Después del prendimiento de Jesús en el Huerto, lo llevaron a casa del Sumo Sacerdote; Pedro y otro discípulo lo fueron siguiendo, y se quedaron en el atrio. Allí empezó el proceso religioso contra Jesús, que lo condenó a muerte, por reconocer que era el Mesías de Israel y por confesar que era verdadero Hijo de Dios.
Las autoridades judías no podían por sí mismas ejecutar esa sentencia; por eso, cuando amaneció, llevaron a Jesús ante el procurador romano y se lo entregaron. Pilato, al saber que Jesús era galileo y por tanto súbdito de Herodes, se lo remitió; pero éste, después de mofarse de Jesús, se lo devolvió. El relato de San Lucas nos dice que Pilato convocó a los sumos sacerdotes, a los magistrados y al pueblo, y les dijo: «Me habéis traído a este hombre como alborotador del pueblo, pero yo le he interrogado delante de vosotros y no he hallado en este hombre ninguno de los delitos de que le acusáis. Ni tampoco Herodes, porque nos lo ha remitido. Nada ha hecho, pues, que merezca la muerte. Así que le castigaré y le soltaré». Toda la muchedumbre se puso a gritar a una: «¡Fuera ése, suéltanos a Barrabás!» Éste había sido encarcelado por un motín que hubo en la ciudad y por asesinato. Pilato les habló de nuevo, intentando librar a Jesús, pero ellos seguían gritando: «¡Crucifícale, crucifícale!» Por tercera vez les dijo: «Pero ¿qué mal ha hecho éste? No encuentro en él ningún delito que merezca la muerte; así que le castigaré y le soltaré». Pero ellos insistían pidiendo a grandes voces que fuera crucificado y sus gritos eran cada vez más fuertes. Finalmente, Pilato, queriendo complacer a la gente, les soltó a Barrabás, condenó a Jesús, mandó azotarle y lo entregó para que fuera crucificado.

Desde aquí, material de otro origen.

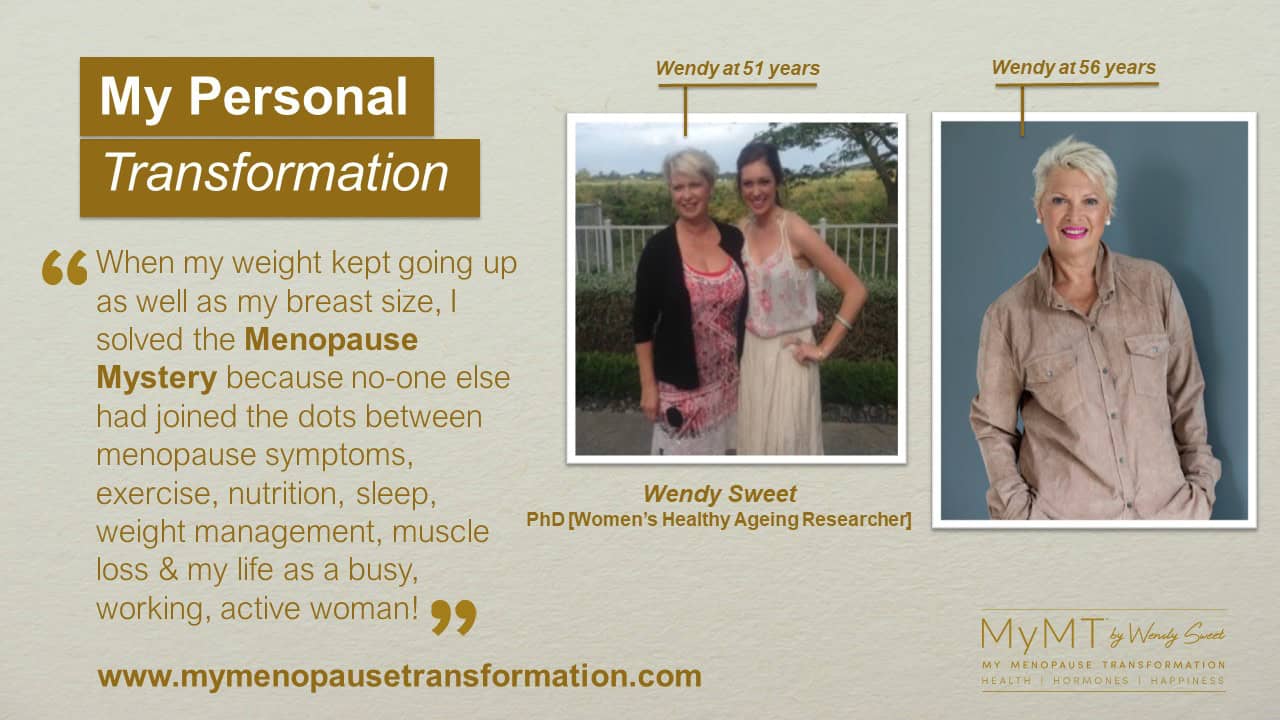 Wendy Sweet Mymt My Menopause Transformation Phd - 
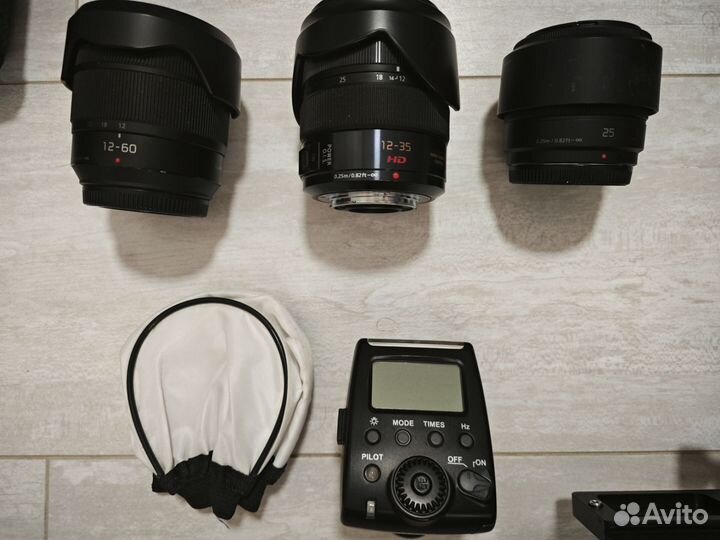 Объектив Panasonic Lumix G X vario 12-35mm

Al sufrimiento del espíritu, tristeza, angustia y soledad de Getsemaní, siguió el dolor corporal y físico de la flagelación, en un contexto saturado de toda clase de vejaciones y desprecios. Entre los romanos, al flagelado que había sido condenado a muerte se le estimaba carente de todo derecho como persona y de toda consideración como humano, y quedaba totalmente a merced de los verdugos; a menudo se desmayaba bajo los golpes y no raramente perdía la vida. Jesús aquella noche fue de Herodes a Pilato, acabó convertido en deshecho humano, varón de dolores, como había escrito el profeta Isaías: «No tenía apariencia ni presencia; lo vimos y no tenía aspecto que pudiésemos estimar. Despreciable y desecho de hombres, varón de dolores y sabedor de dolencias, como uno ante quien se oculta el rostro, despreciable, y no lo tuvimos en cuenta».
Aunque los Evangelios no lo refieran expresamente, María, además de las referencias que le darían las personas allegadas, pudo ver a su Hijo, maltrecho y desfigurado, en alguno de sus traslados de unas a otras autoridades, y cuando Pilato lo presentó ante la muchedumbre, y cuando ésta gritó que lo crucificara. Tuvo que oír a Pilato que lo iba a castigar, que lo entregaba para que lo azotaran..., y luego ver en qué había quedado el hijo de sus entrañas. Sin duda, la espada de que le había hablado el anciano Simeón, le iba atravesando el alma.